* MATERIAL PROVIDED *
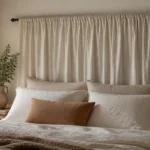 Headboard Ideas Without Drilling 7 DIY headboard made from a tension rod and draped fabric panel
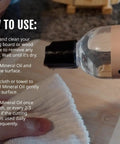 Applying Real Deal Food Grade Mineral Oil For Cutting Boards Includes A Wax Applicator to a cutting board with a cloth.
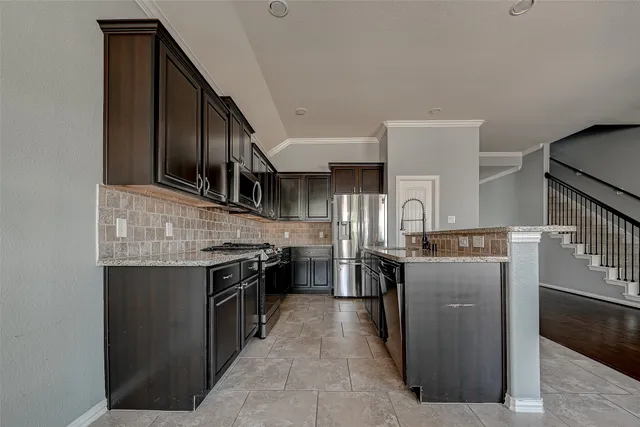 a kitchen with stainless steel appliances granite countertop a stove top oven a sink a counter space and cabinets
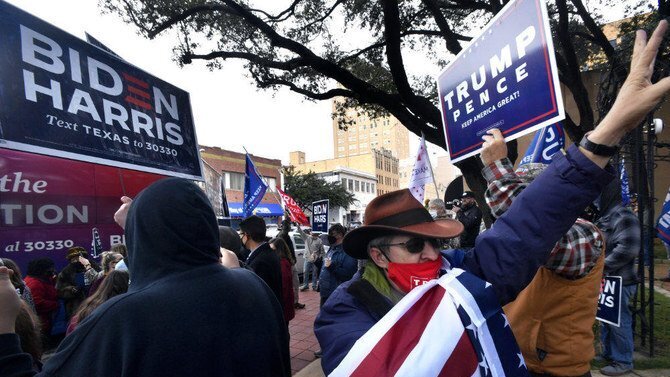 Supporters President Donald Trump come face-to-face with Biden-Harris campaigners during a Democratic ticket stop at Vera Minter Park in Abilene, Texas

* ABOUT THIS EXERCISE *
Give back the full listing exactly as written, only without its pictures.

* EXERCISE RESPONSE *
 Headboard Ideas Without Drilling 7 DIY headboard made from a tension rod and draped fabric panel
 Applying Real Deal Food Grade Mineral Oil For Cutting Boards Includes A Wax Applicator to a cutting board with a cloth.
 a kitchen with stainless steel appliances granite countertop a stove top oven a sink a counter space and cabinets
 Supporters President Donald Trump come face-to-face with Biden-Harris campaigners during a Democratic ticket stop at Vera Minter Park in Abilene, Texas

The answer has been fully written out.